● **What you should do**: The data below should be printed in full, exactly, and without any of its images.

[Provided material — start]

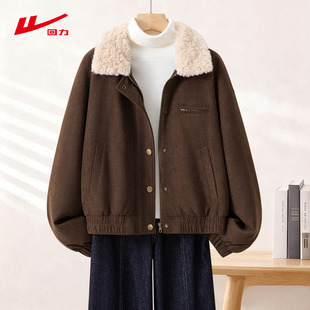 回力咖色翻领夹棉工装夹克上衣女款2026秋冬季新款棉服灯芯绒外套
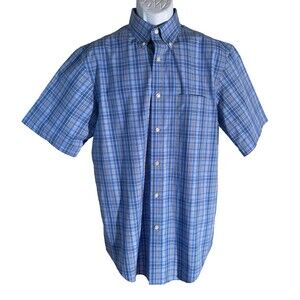 Roundtree & Yorke GOLD LABEL Short Sleeve Button Down Striped Shirt Blue Medium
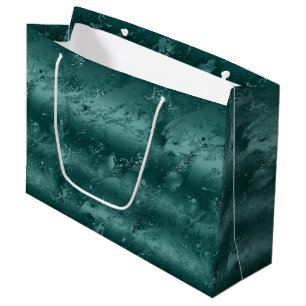 Glitzy Emerald Green Ombre Marble Large Gift Bag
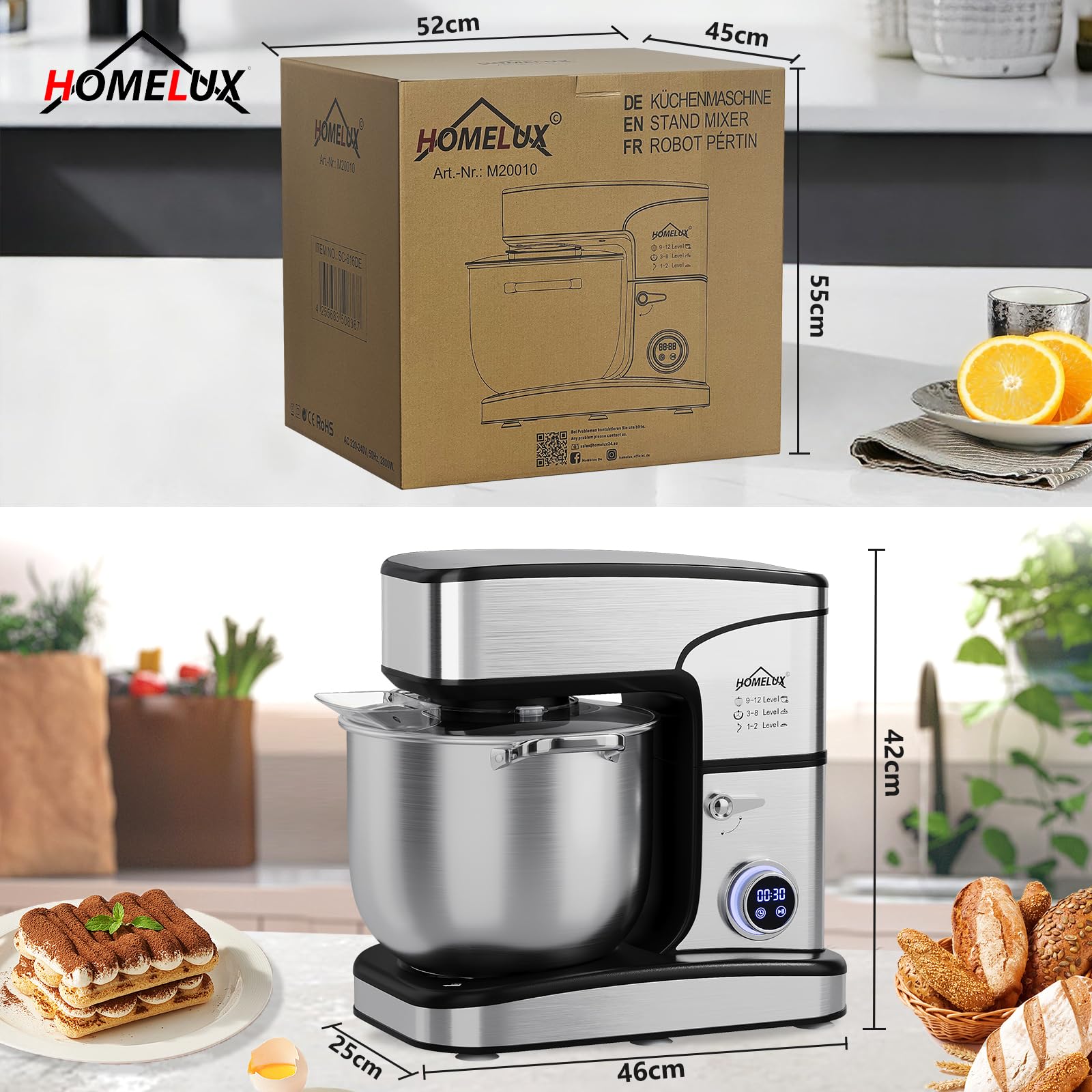 HOMELUX Küchenmaschine 2800W, Knetmaschine mit 16 Liter Edelstahl Schüssel, 12 Geschwindigkeitsstufen, LED-Touchscreen, Rührbesen, Knethaken, Schneebesen, Spatel und Spritzschutz, silberfarben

[Provided material — finish]

● **Task response**:
 回力咖色翻领夹棉工装夹克上衣女款2026秋冬季新款棉服灯芯绒外套
 Roundtree & Yorke GOLD LABEL Short Sleeve Button Down Striped Shirt Blue Medium
 Glitzy Emerald Green Ombre Marble Large Gift Bag
 HOMELUX Küchenmaschine 2800W, Knetmaschine mit 16 Liter Edelstahl Schüssel, 12 Geschwindigkeitsstufen, LED-Touchscreen, Rührbesen, Knethaken, Schneebesen, Spatel und Spritzschutz, silberfarben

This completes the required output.